## INSTRUCTIONS TO FOLLOW
Word for word, restate the lines of the data below between those holding "فرصة استثمارية صالون" and "Österreichischer Baustoffkonzern expandiert", inclusive; pictures do not belong in the copy.

## RECORDS SUPPLIED
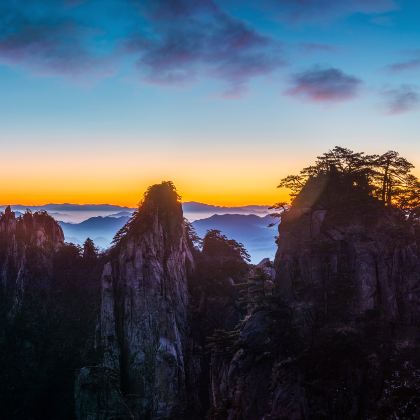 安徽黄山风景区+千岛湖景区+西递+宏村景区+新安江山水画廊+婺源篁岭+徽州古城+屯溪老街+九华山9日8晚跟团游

---

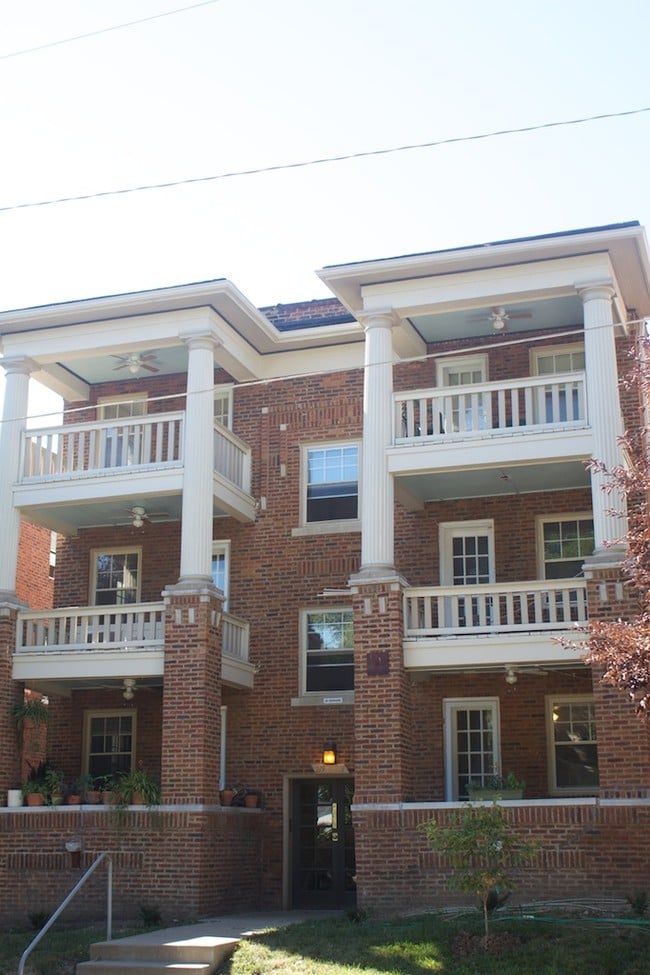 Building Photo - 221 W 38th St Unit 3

...

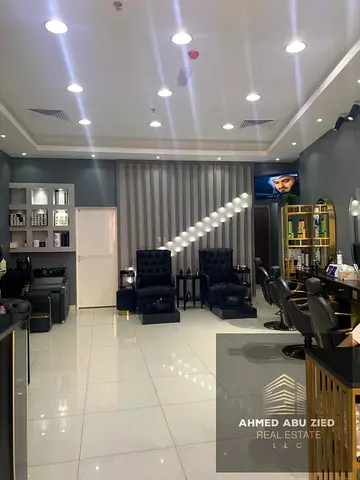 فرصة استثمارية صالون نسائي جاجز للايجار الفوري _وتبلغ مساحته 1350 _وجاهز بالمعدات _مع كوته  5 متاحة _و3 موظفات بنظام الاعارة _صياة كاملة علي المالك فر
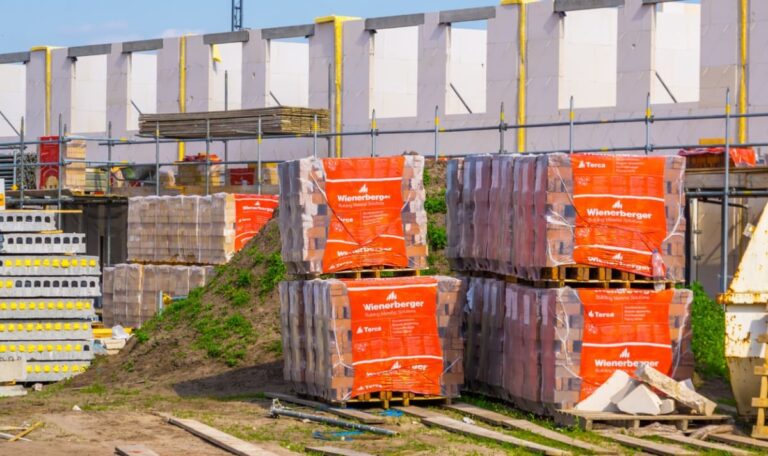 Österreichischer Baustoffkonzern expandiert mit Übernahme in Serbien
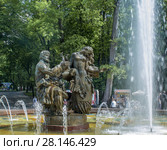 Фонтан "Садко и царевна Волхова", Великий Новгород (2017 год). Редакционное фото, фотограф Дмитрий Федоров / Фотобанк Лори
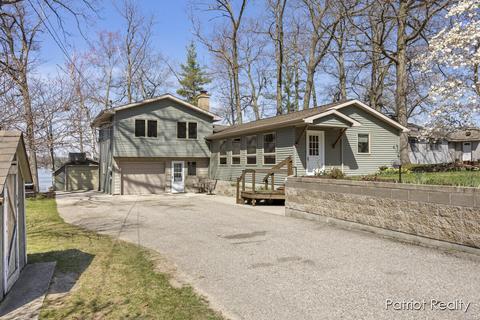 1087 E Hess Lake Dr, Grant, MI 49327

## SOLUTION TO THE PROBLEM
 فرصة استثمارية صالون نسائي جاجز للايجار الفوري _وتبلغ مساحته 1350 _وجاهز بالمعدات _مع كوته  5 متاحة _و3 موظفات بنظام الاعارة _صياة كاملة علي المالك فر
 Österreichischer Baustoffkonzern expandiert mit Übernahme in Serbien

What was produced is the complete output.